This answer is to supplement Hurkyl's answer. I give examples of such polynomials for all the finite fields of characteristic two. I need the basic result, brought up by Hurkyl, stating that $\ker\, tr=\mathrm{Im}(x^2-x)$. This follows from rank-nullity, because the mappings $$tr:\mathbb{F}_{2^k}\rightarrow \mathbb{F}_2,x\mapsto\sum_{i=0}^{k-1}x^{2^i}$$ and $$f:\mathbb{F}_{2^k}\rightarrow\mathbb{F}_{2^k},x\mapsto x^2-x$$ are both linear over the prime field, satisfy $tr(x)=tr(x^2)$, for all $x$, $tr\circ f=0$, $tr\not\equiv0$ and that $\ker f=\{0,1\}$ is one-dimensional (if you didn't know this I HIGHLY recommend proving these facts as exercises).

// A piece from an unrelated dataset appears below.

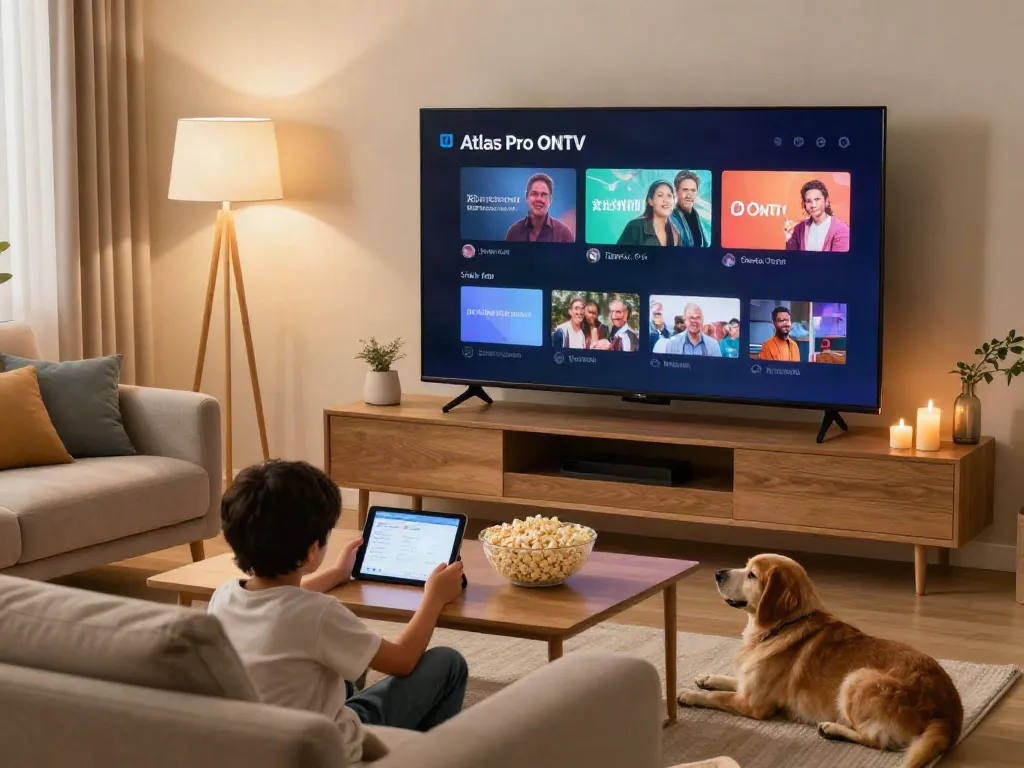Famille utilisant l'application Atlas Pro pour une soirée cinéma à domicile.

1. If $k$ is even, say $k=2\ell$, then the monomial $f(x)=x^{2^\ell+1}$ works. This is because this polynomial is the relative norm map $N:\mathbb{F}_{2^k}\rightarrow\mathbb{F}_{2^\ell}$. We also see directly that $f(x)\in \mathbb{F}_{2^\ell}$ for all $x\in \mathbb{F}_{2^k}$ from the calculation $$f(x)^{2^\ell}=x^{2^\ell(2^\ell+1)}=x^{2^{2\ell}+2^\ell}=x^{2^k}\cdot x^{2^\ell}= x\cdot x^{2^\ell}=f(x),$$ and the claim follows because this intermediate field consists precisely of the solutions of $y^{2^\ell}=y$. Using this identity we also get the claim as $$tr(f(x))=\sum_{i=0}^{2\ell}f(x)^{2^i}=\sum_{i=0}^{\ell}(f(x)^{2^i}+f(x)^{2^{i+\ell}}) =\sum_{i=0}^{\ell}(f(x)+f(x)^{2^\ell})^{2^i}=\sum_{i=0}^\ell0=0.$$

2. If $k=2\ell+1$ is odd, then $$2^\ell(2^{\ell+1}+1)=2^{2\ell+1}+2^\ell\equiv 1+2^\ell\pmod{2^k-1},$$ so $2^{\ell+1}+1$ and $2^{\ell}+1$ are in the same cyclotomic coset, and by the theory described by Hurkyl we get by choosing $f(x):=x^{2^{\ell+1}+1}+x^{2^\ell+1}$ that $$tr(f(x))=tr(x^{2^{\ell+1}+1})+tr(x^{2^\ell+1})=2\cdot tr(x^{2^\ell+1})=0,$$ for all $x\in\mathbb{F}_{2^k}$.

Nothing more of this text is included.